It’s a fun party! If you don’t know bhangra, a Punjab folk dance, expect to pick up the moves fairly easily. But don’t worry if you’re not comfortable learning new dances—you’ll most likely hear contemporary Western music at the reception too.
What type of food will be served?
Depending on whether you’re going for a North Indian or South Indian wedding, the food served would be quite different. However, you can rest assured that food will not be as spicy as you imagine Indian food to be. Simply expect to feast on a huge variety of dishes ranging from vegetarian to non-vegetarian, arranged in a splendid buffet style.
Also, when someone offers you food, never say no or turn it down. This is often considered rude. Instead, accept it graciously and have a taste of the glorious selection.
Do not be surprised if you don’t find any alcohol at the wedding―especially at the religious wedding ceremony. You’re likely to find alcohol served only during the reception dinner event or the sangeet party.

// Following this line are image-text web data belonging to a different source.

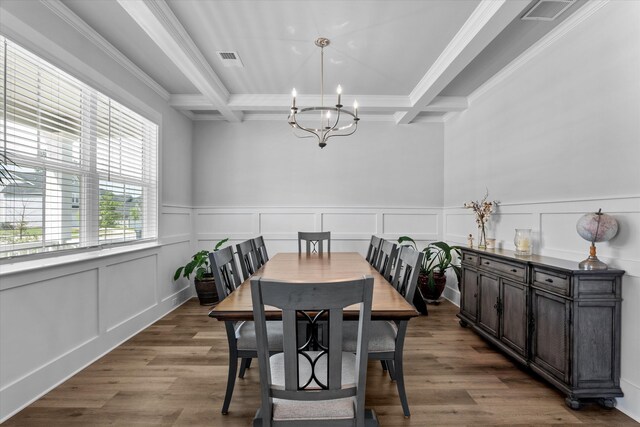 3540 Hilltop Trl, Evans, GA 30809 - dining space with a chandelier, a decorative wall, wood finished floors, crown molding, and wainscoting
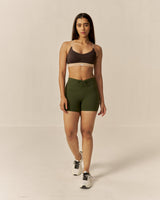 Woman wearing a brown sports bra and green shorts on a beige background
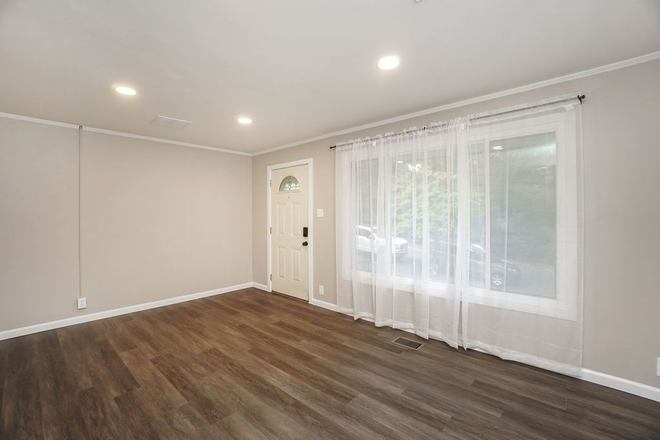 Living Room with Large Window for Natural Light - Totally Renovated Home in Clifton Gas Light District on Cul-de sac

However, some families may opt to keep the entire wedding alcohol-free.
Should I bring a gift?
Couples usually request that there be no boxed gifts at the wedding, so guests usually have gifts shipped to the couple’s home or bring an envelope with money.
“No box gifts” instructions are commonly found at the bottom of Indian wedding invitations, explains Shah. Though it may seem out of line with other concerns of propriety in an Indian wedding, the gift of choice, if a couple does want one, is usually money. But always make sure the amount ends in a one, advises Shah. “In our culture, the best of things end in one,” she expands. “So you’d never gift $100. You’d do $101.”

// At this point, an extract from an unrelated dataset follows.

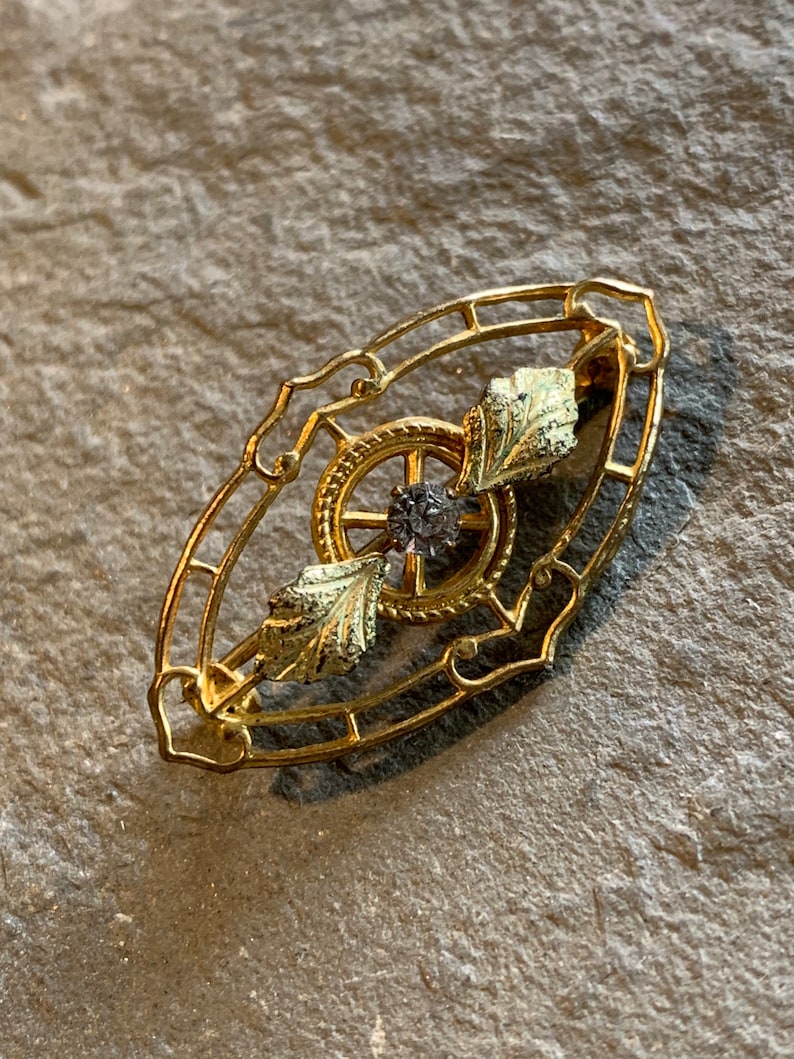 May include: A gold-toned brooch with an oval filigree frame. Inside, a central design features a dark-colored gem surrounded by a wheel-like pattern and two gold-colored leaf accents. The brooch is a vintage style.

Unless otherwise specified by the couple, boxed gifts are not a custom at an Indian wedding. If you do prefer getting a gift, it’s better to send it across beforehand to the groom’s or bride’s home as there wouldn’t be any designated spot to place it while at the wedding. Alternatively, a red packet or monetary gift would suffice. While there isn’t really a “market rate” on what’s a good amount to give, you can gauge based on how much you would spend on a gift if you had bought one. Lastly, it’s considered auspicious to have the denomination end in 1, such as $21, $51, $101 etc.
At the end of the day, know that Indian weddings are a wonderfully colourful affair, filled with pomp, lots of dancing and an irresistible array of food at every event. So put on your most colourful outfits, your dancing shoes and come with an empty stomach and get ready to spend your week enjoying the celebrations!